Question

The angles between S and ${\mathbf{\mu }}_{\mathbf{S}}$and between L and ${\mathbf{\mu }}_{\mathbf{L}}$are 180^o. What is the angle between J and ${\mathbf{\mu }}_{\mathbf{J}}$ in a$\mathbf{2}{\mathbf{p}}_{\frac{\mathbf{3}}{\mathbf{2}}}$state of hydrogen?

Short answer

Angle between J and ${\mathrm{\mu }}_{\mathrm{J}}$in a $2{\mathrm{p}}_{\frac{3}{2}}$ state of hydrogen is 167⁰.

Step-by-step solution

Magnitude of orbital, spin, total angular momentum of  L,S,J.

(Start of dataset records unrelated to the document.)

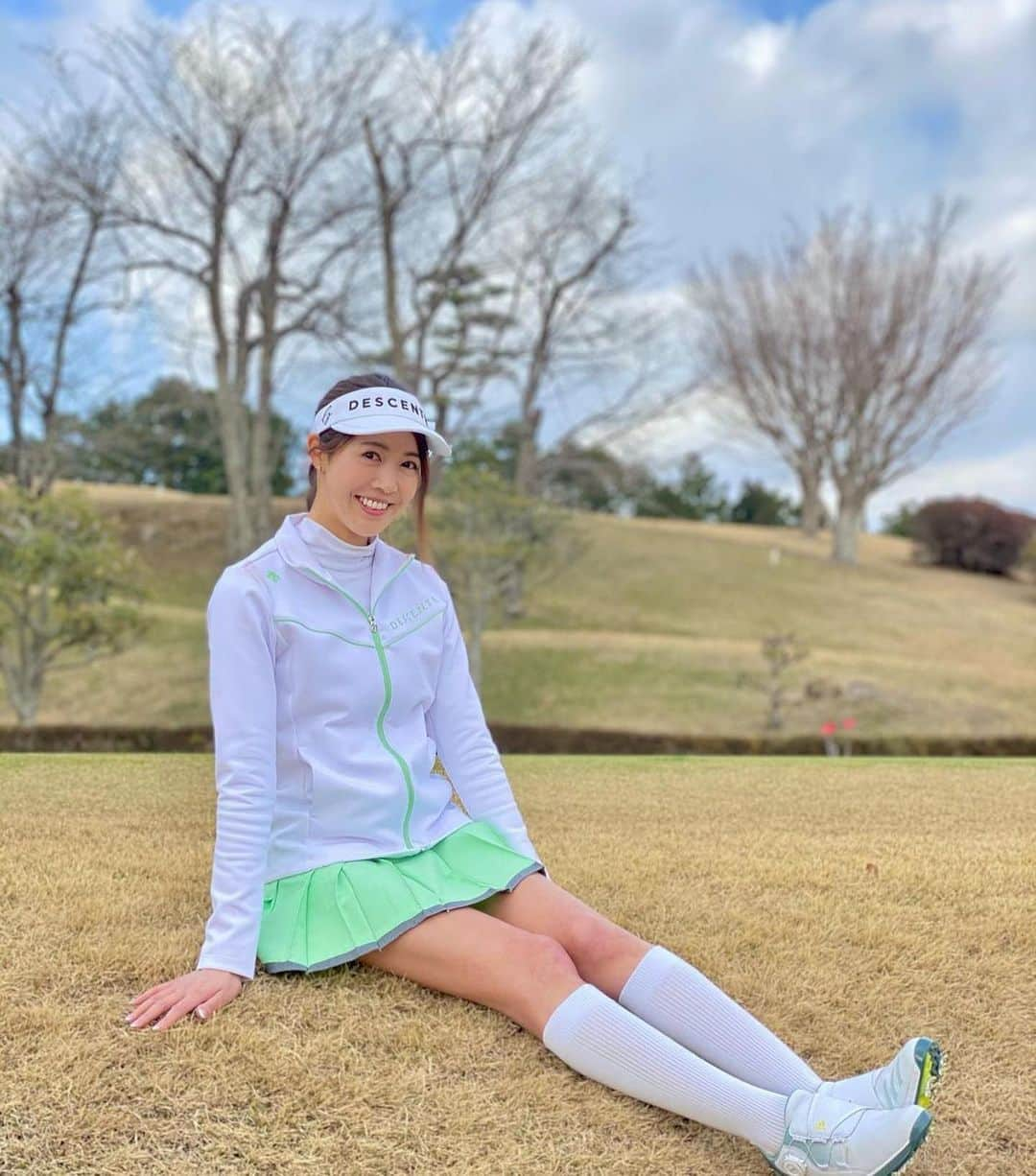 ❤️cutie.jp❤️【キューピー】のインスタグラム：「ゴルフ美女特集🏌️‍♀️ * 今回ご紹介させて頂きますのは 初めてのご紹介になります * Nanaさん＜@nana_golf＞のお美しいお写真です📷✨ * 恵比寿でネイリストとして働かれているNanaさん ハイライト拝見させていただきましたがネイルがめちゃめちゃお上手💅 * 美容意識が高く本当にお綺麗ですよね🥺 * しかも最高スコアが85とゴルフもお上手なんです🏌️‍♀️ * そしてこちらのコーデなのですがとてもおかわです🥺 * 全身デサントのコーデで組まれております * スカートのライムミント色がとても爽やかでかわいい😍 * 白とライムミント色は本当に相性抜群ですね これからの夏にこの色合わせ是非してみてください✨ * とんでもなくかわみで御座いました😆  Nanaさん 眼福なお写真誠にありがとうございました🥺 これからもこのような素敵な投稿楽しみにしております💓 ＿＿＿＿＿＿＿＿＿＿＿＿＿＿＿＿ ◆◇◆◇◆◇◆◇◆◇◆◇◆◇◆◇ ￣￣￣￣￣￣￣￣￣￣￣￣￣￣￣￣ 紹介をご希望の方は 投稿の写真へのタグ(@cutie.jp) と #キューティー のタグ付けをお願い致します💗💗 ◆◇◆◇◆◇◆◇◆◇◆◇◆◇◆◇ @nana_golf #美人 #かわいい #綺麗 #モデル #ごるふ女子 #ゴルフ女子 #ゴルフウェア #ゴルフコーデ #ゴルフすきな人と繋がりたい #instagood #fashion #instagram #makeup #cute #cutie #kawaii #model」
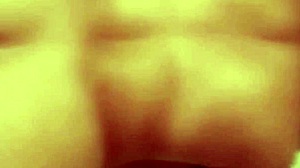 deliciosa milf chelita spreads ass and pussy wide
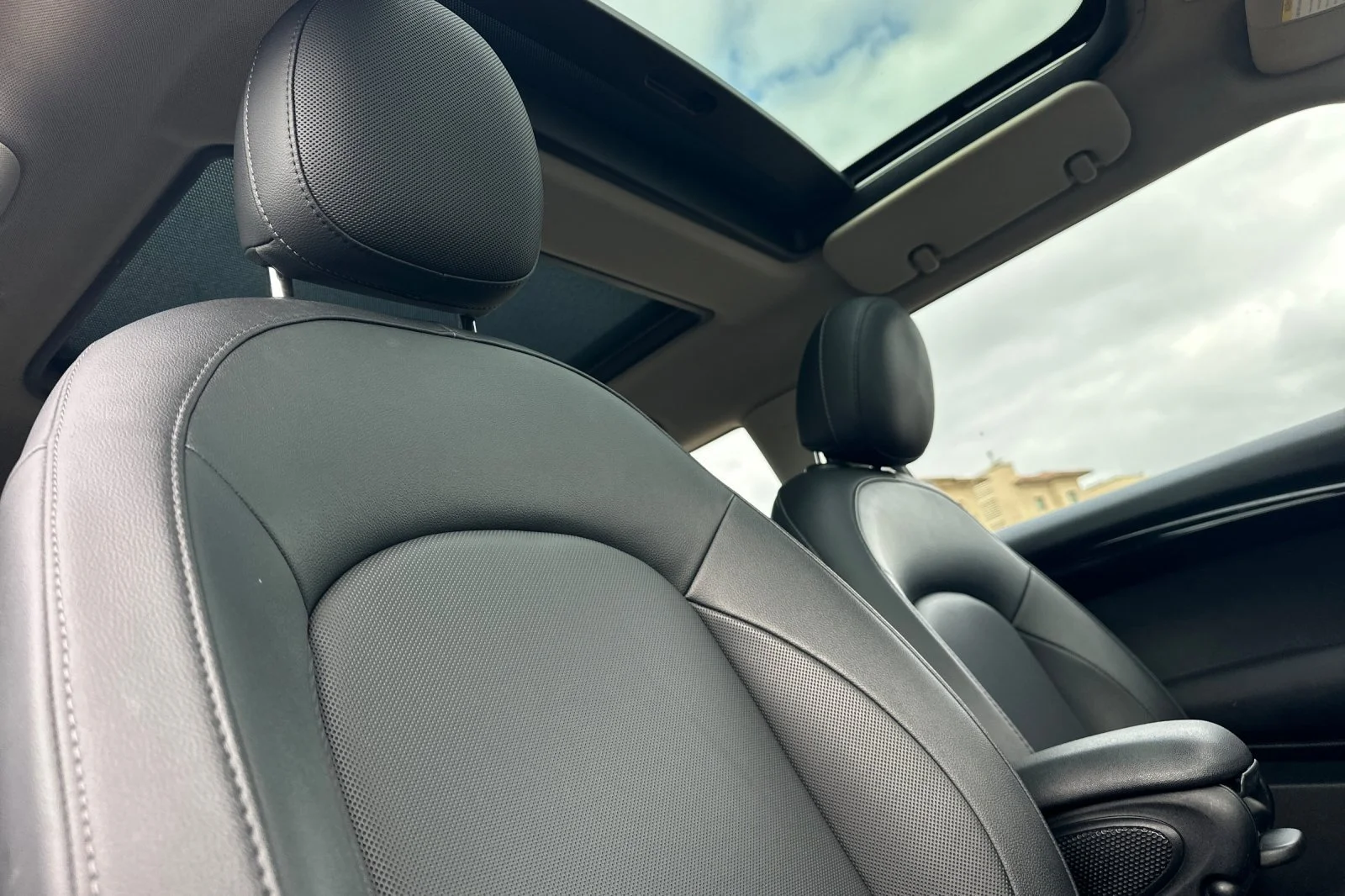 Used 2019 Blue Metallic MINI Classic image 17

Magnitudes of orbital angular momentum Lis given by-

$\mathbf{L}\mathbf{=}\sqrt{\mathbf{l}\left(l+1\right)}\sout{\mathbf{h}}$

Magnitudes of spin angular momentum Sis given by-

$\mathbf{S}\mathbf{=}\sqrt{\mathbf{s}\mathbf{(}\mathbf{s}\mathbf{+}\mathbf{1}\mathbf{)}}\sout{\mathbf{h}}$ …(1)

And Magnitudes of total angular momentum Jis given by

$\mathbf{J}\mathbf{=}\sqrt{\mathbf{j}\mathbf{(}\mathbf{j}\mathbf{+}\mathbf{1}\mathbf{)}}\sout{\mathbf{h}}$

Magnetic dipole vector

${\mathbf{\mu }}_{\mathbf{J}}\mathbf{=}\frac{\mathbf{e}}{\mathbf{2}{\mathbf{m}}_{\mathbf{e}}}\left(L+2S\right)$ …(2)

 Determination of angle.

We know that

$$\begin{gathered} \mathrm{J}.{\mathrm{\mu }}_{\mathrm{J}}=\left|\mathrm{J}\right|\left|{\mathrm{\mu }}_{\mathrm{J}}\right|\mathrm{cos\theta } \\ \mathrm{cos\theta }=\frac{\mathrm{J}.{\mathrm{\mu }}_{\mathrm{J}}}{\left|\mathrm{J}\right|\left|{\mathrm{\mu }}_{\mathrm{J}}\right|} \\ \mathrm{\theta }={\cos }^{-1}\left(\frac{\mathrm{J}.{\mathrm{\mu }}_{\mathrm{J}}}{\left|\mathrm{J}\right|\left|{\mathrm{\mu }}_{\mathrm{J}}\right|}\right) \end{gathered}$$

Rewritten in terms of L and S using equations (2).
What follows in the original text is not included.